(Records for the task):
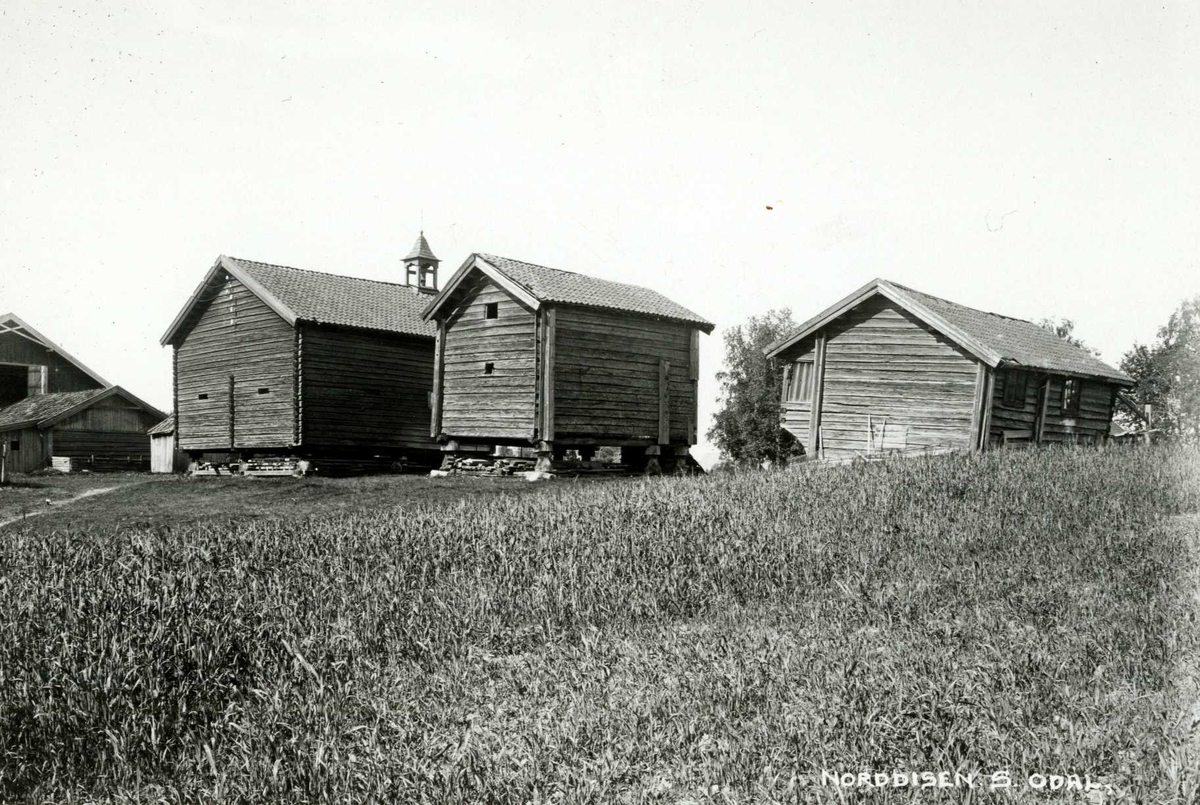 Søndre Disen, "Disi", Sør-Odal, Hedmark 1925. To stabbur og en kjellerbu sett fra baksiden.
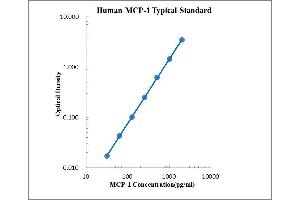 ELISA image for Chemokine (C-C Motif) Ligand 2 (CCL2) ELISA Kit (ABIN2472081)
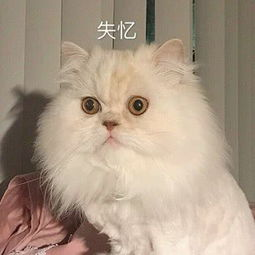 优秀的程序员真的不写注释吗？java沉默王二-
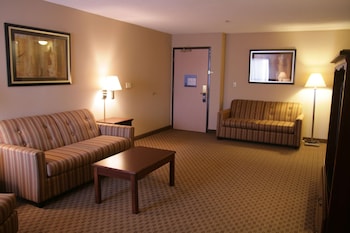 Suite, Non Smoking (Hospitality)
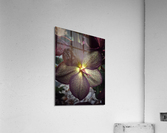 V623 Acrylic Print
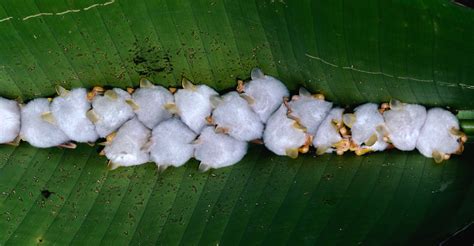 honduran white tent bats roosting   heliconia leaf   sever   length
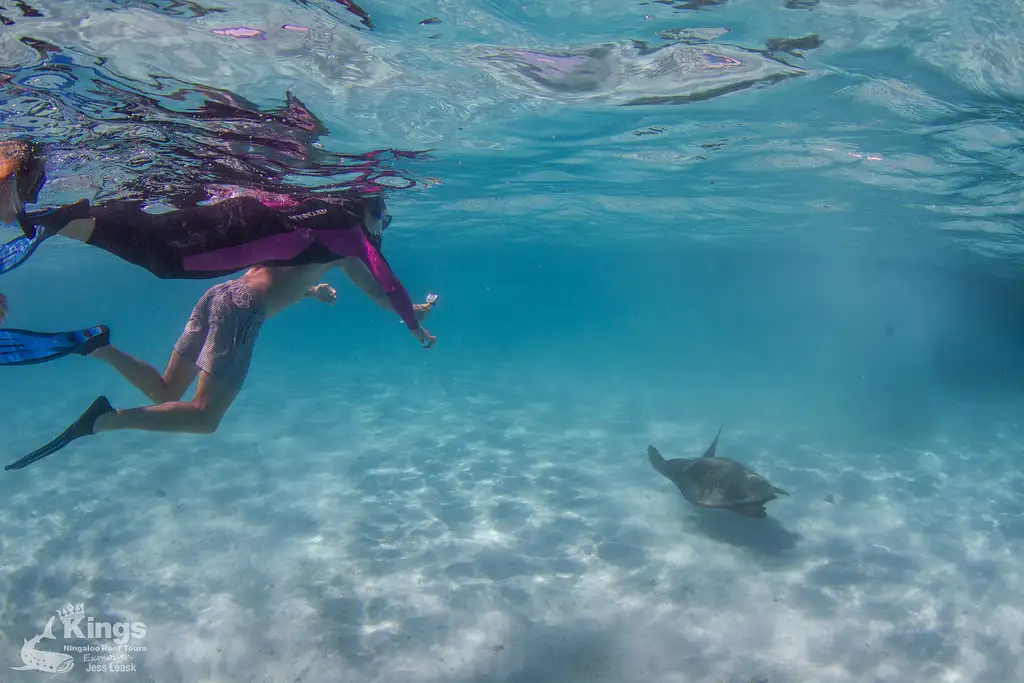 Whale Shark Snorkelling Adventure Tour (Apr-July) | Departing Exmouth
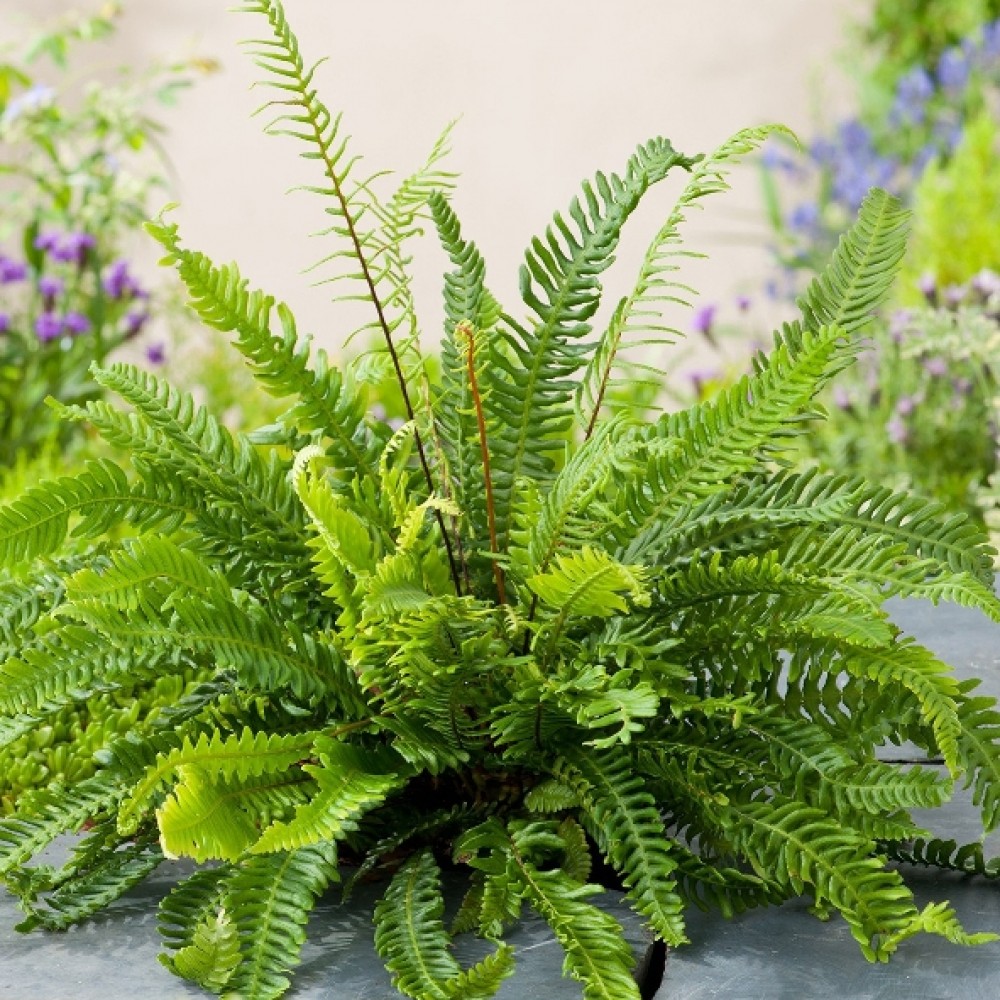 Blechnum spicant / Varpotoji uksmenė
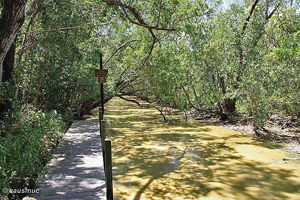 Homestead Canal am Bear Lake Trl.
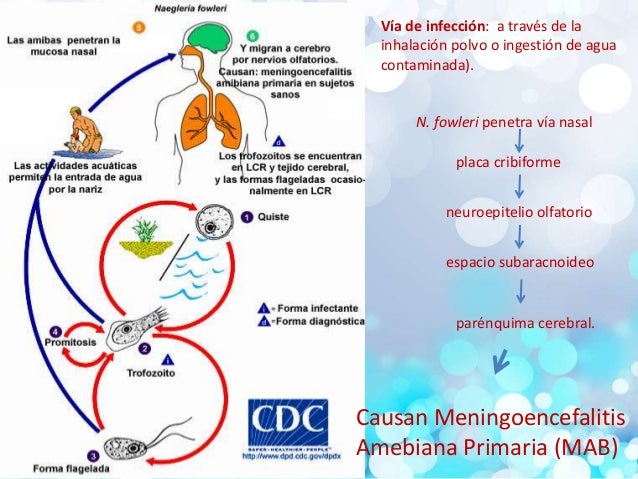 Amebas comensales y amebas de vida libre entamoeba
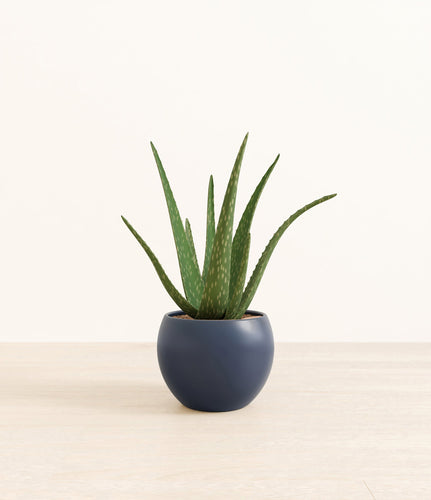 Deep Navy*****Profile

(Directions):
From the line containing "Blechnum spicant / Varpotoji uksmenė" to the end of the data above, give those lines again verbatim, with both endpoints included and no images.

(Solved exercise):
 Blechnum spicant / Varpotoji uksmenė
 Homestead Canal am Bear Lake Trl.
 Amebas comensales y amebas de vida libre entamoeba
 Deep Navy*****Profile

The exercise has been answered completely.